## Task input
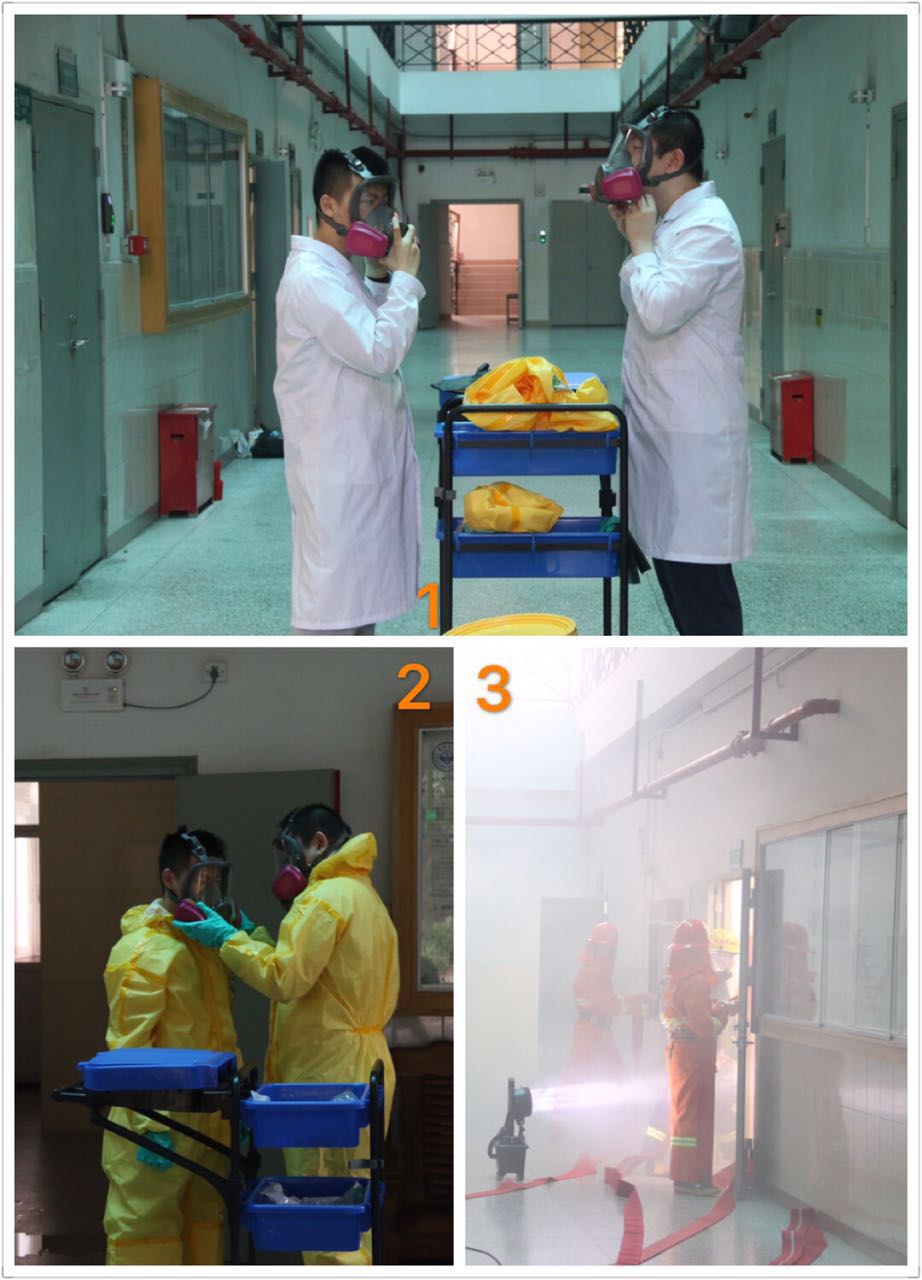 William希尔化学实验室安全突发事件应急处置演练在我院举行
--
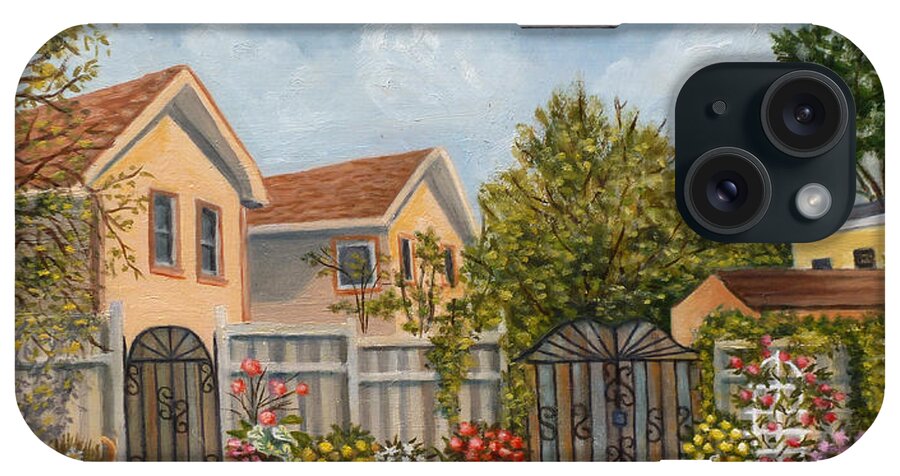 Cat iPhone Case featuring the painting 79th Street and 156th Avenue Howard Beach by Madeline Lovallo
---
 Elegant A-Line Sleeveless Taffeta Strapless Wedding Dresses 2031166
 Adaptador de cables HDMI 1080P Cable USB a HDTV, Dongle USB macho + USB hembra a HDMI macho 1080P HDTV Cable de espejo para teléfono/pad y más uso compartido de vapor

## Exercise aim
In the listing above, start at the line with "Elegant A-Line Sleeveless", go on through the line with "Adaptador de cables", and copy each of those lines exactly; leave out all the rest.

## Problem solution
 Elegant A-Line Sleeveless Taffeta Strapless Wedding Dresses 2031166
 Adaptador de cables HDMI 1080P Cable USB a HDTV, Dongle USB macho + USB hembra a HDMI macho 1080P HDTV Cable de espejo para teléfono/pad y más uso compartido de vapor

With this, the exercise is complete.